The commander of the Iranian Navy says the country’s naval fleet has thus far escorted 1,400 oil tankers and vessels, and protected them from pirates in international waters.
Rear Admiral Habibollah Sayyari said Sunday that Iran’s naval fleet started its international mission to protect Iranian commercial ships, oil tankers and other in-distress vessels in 2008.
“During this period, about 1,400 commercial ships and oil tankers belonging to the Islamic Republic of Iran Shipping Lines and the National Iranian Tanker Company have been escorted and protected [against piracy] by the Iranian naval fleet,” he added.
Sayyari stated that in addition to Iranian ships, the Navy fleet has also helped commercial ships and oil tankers belonging to Liberia, Saudi Arabia and the United Arab Emirates.
“Iran’s 12th and 18th fleet crossed the important and strategic Suez Canal for the first time in more than 33 years and entered the Mediterranean and after completing their educational missions and gaining valuable experience, returned to their original locations in the Red Sea and north of the Indian Ocean,” he added.
The commander said since the beginning of their international missions, Iranian naval forces have engaged with pirates on more than 100 occasions.

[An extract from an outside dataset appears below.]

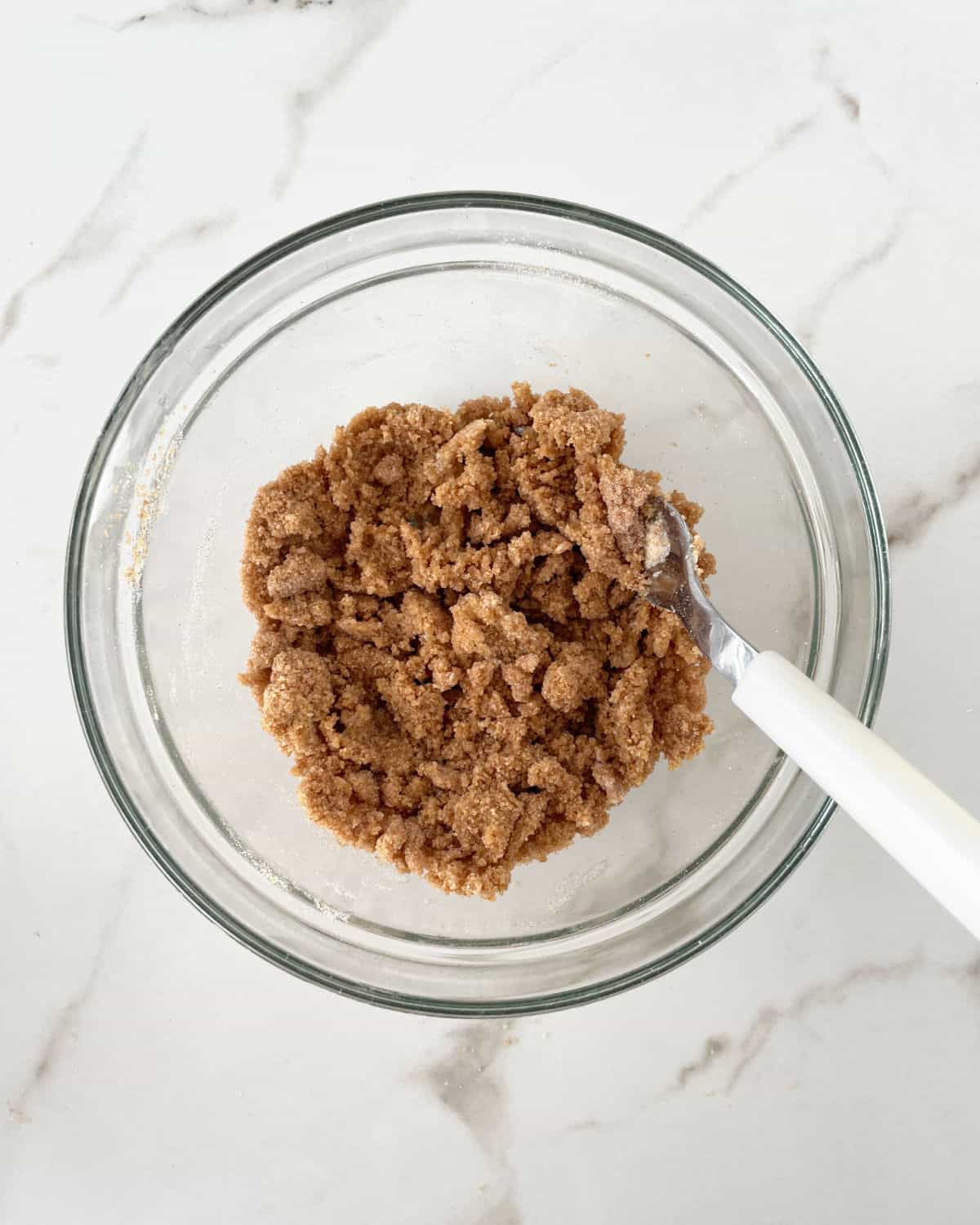 Mixed brown sugar cinnamon streusel in a glass bowl with white spoon in it. White marble surface.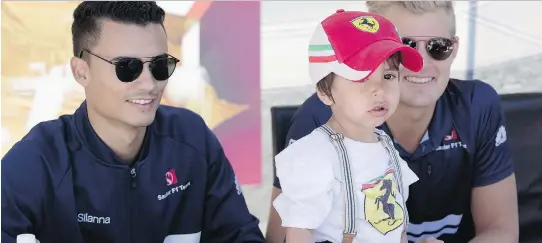  ?? PHOTOS: ALLEN MCINNIS ?? A two-year-old boy poses for a picture with Sauber’s Pascal Wehrlein, left, and Marcus Ericsson at Circuit Gilles Villeneuve during race weekend festivitie­s.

“This means that more than 100 commercial ships and oil tankers have been attacked in this period (since 2008) by pirates who used between 4 and 35 pirate boats to attack these vessels,” Sayyari said.

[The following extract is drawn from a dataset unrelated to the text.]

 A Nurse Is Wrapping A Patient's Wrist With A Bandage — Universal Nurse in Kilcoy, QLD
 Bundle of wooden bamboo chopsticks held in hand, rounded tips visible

In line with international efforts against piracy, Iran’s Navy has been conducting anti-piracy patrols in the Gulf of Aden to safeguard maritime trade and in particular ships and oil tankers owned or leased by Iran.
The waters off the Indian Ocean coast of Somalia are considered the world’s most dangerous for repeated piracy attempts.
The Gulf of Aden, which links the Indian Ocean to the Suez Canal and the Mediterranean Sea, is the quickest route for more than 20,000 vessels traveling annually between Asia, Europe and the Americas.
The Iranian Navy has so far dispatched a number of military warships to the Gulf of Aden to guard Iranian and foreign vessels sailing in international waters.
Last May, International Maritime Organization (IMO) Secretary General Efthimios E. Mitropoulos described the anti-piracy efforts by Iran’s Navy as “effective.”